RAs are a very useful tool within the broad scope of your financial planning. I would stress, however, that one should tread with caution.
Unfortunately the stats show that many people buy RAs which tie them in for a specific term (to age 55, 60 or even 65!). To give you the inside scoop: the longer the term, the higher the agent’s commission and the nicer the car he drives. If you go this route, never allow the term to go beyond age 55!
Why 55 you ask?
This is the current legal age at which you could access funds within your RA (or personal pension fund). The reason is simple. Our government wants to encourage you all to save for your retirement so that you don’t become a burden to them when you’re looking less like a young Bilbo Baggins and more like Gandalf the Grey. So they incentivise this by giving you a tax deduction if you contribute to your RA, but restrict you from accessing your RA until you are 55. To add to this, the growth in your RA is not taxed, so the government incentivises you in more ways than one.
The great news, for all those Gandalfs out there, is that at one stage you had to retire from your RAs at the young old age of 70. This is no longer the case and any Gandalfs still enjoying the adventure of working can continue making use of their annual deduction until the day they depart from this world into the next.
I would highly recommend you invest into a relationship with a trusted independent Certified Financial Planner (look for CFP© on their business card).
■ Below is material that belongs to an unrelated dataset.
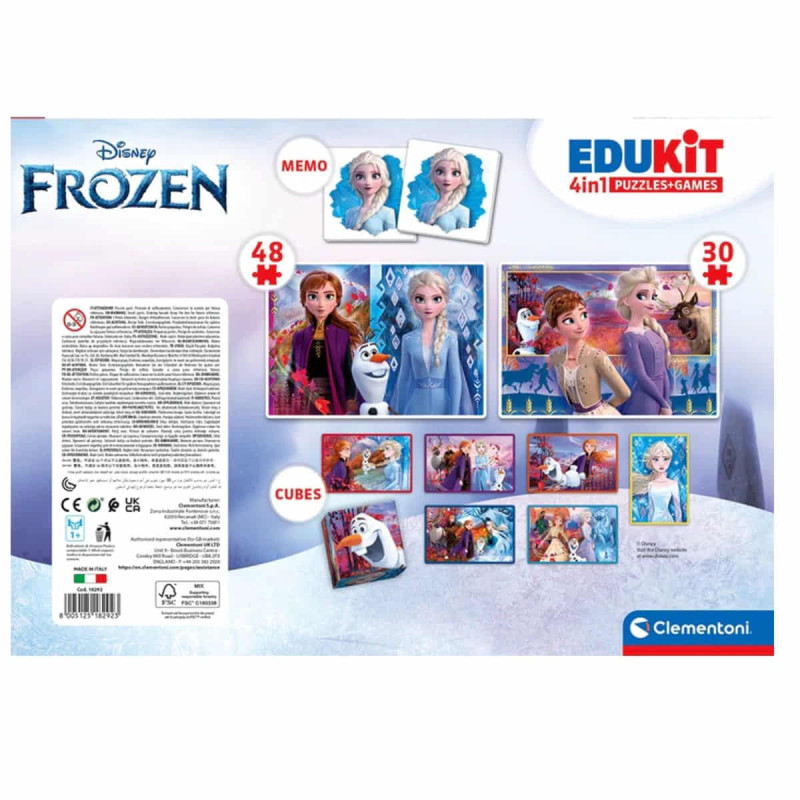 Kit educativo 4 em 1 com congelados - hipergol.pt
CFPs subscribe to the highest code of ethics within their profession and you can be sure that you will be getting good advice.
I would advise you make use of an open ended or unit trust RA (not term based) and negotiate an initial fee which should buy you a comprehensive financial plan explaining what investments you implement and why. An ongoing fee per year (usually one percent +VAT.) will also apply on any investments implemented which would then facilitate the ongoing relationship accordingly.
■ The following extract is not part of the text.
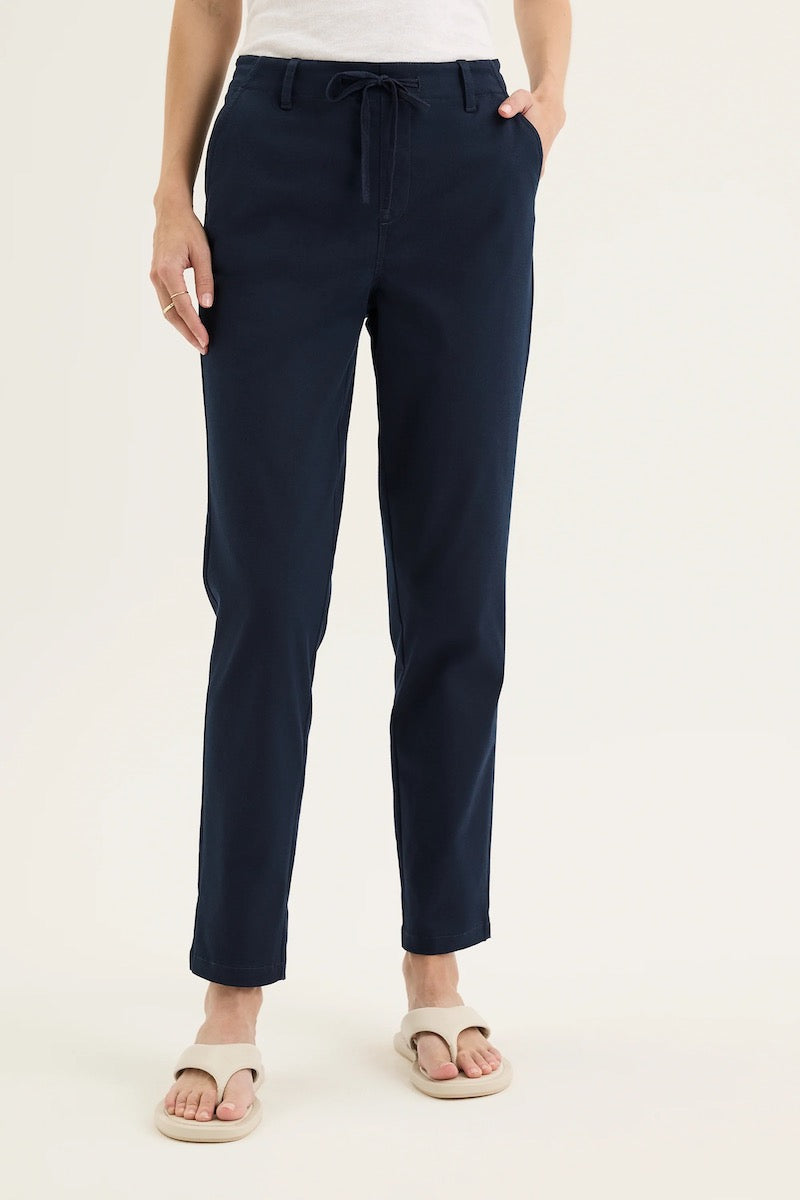 Mont Stretch Chino in Navy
The open ended, or unit trust, RA will usually be offered by a linked investment services provider or LISP for short. These companies allow you to select different unit trust funds to target your required investment return. What funds you choose is vital to the long term investment performance of your RA and should be done with care and guidance.
Regardless of what type of RA you have, term or unit trust, don’t miss out on this opportunity to contribute the full 15 percent of your non-retirement funding income before 28 February 2013.
If you have a 40 percent marginal tax rate, this means that SARS effectively give you 40 percent of the 15 percent back as a tax refund — which can be used to go on that extra special holiday later in the year to make up for your distinct lack of Casanova style last Thursday.
Don’t thank me, thank SARS.
Donovan Adams CFP© is a Certified Financial Planner and Retirement Specialist at Chartered Wealth Solutions in JHB.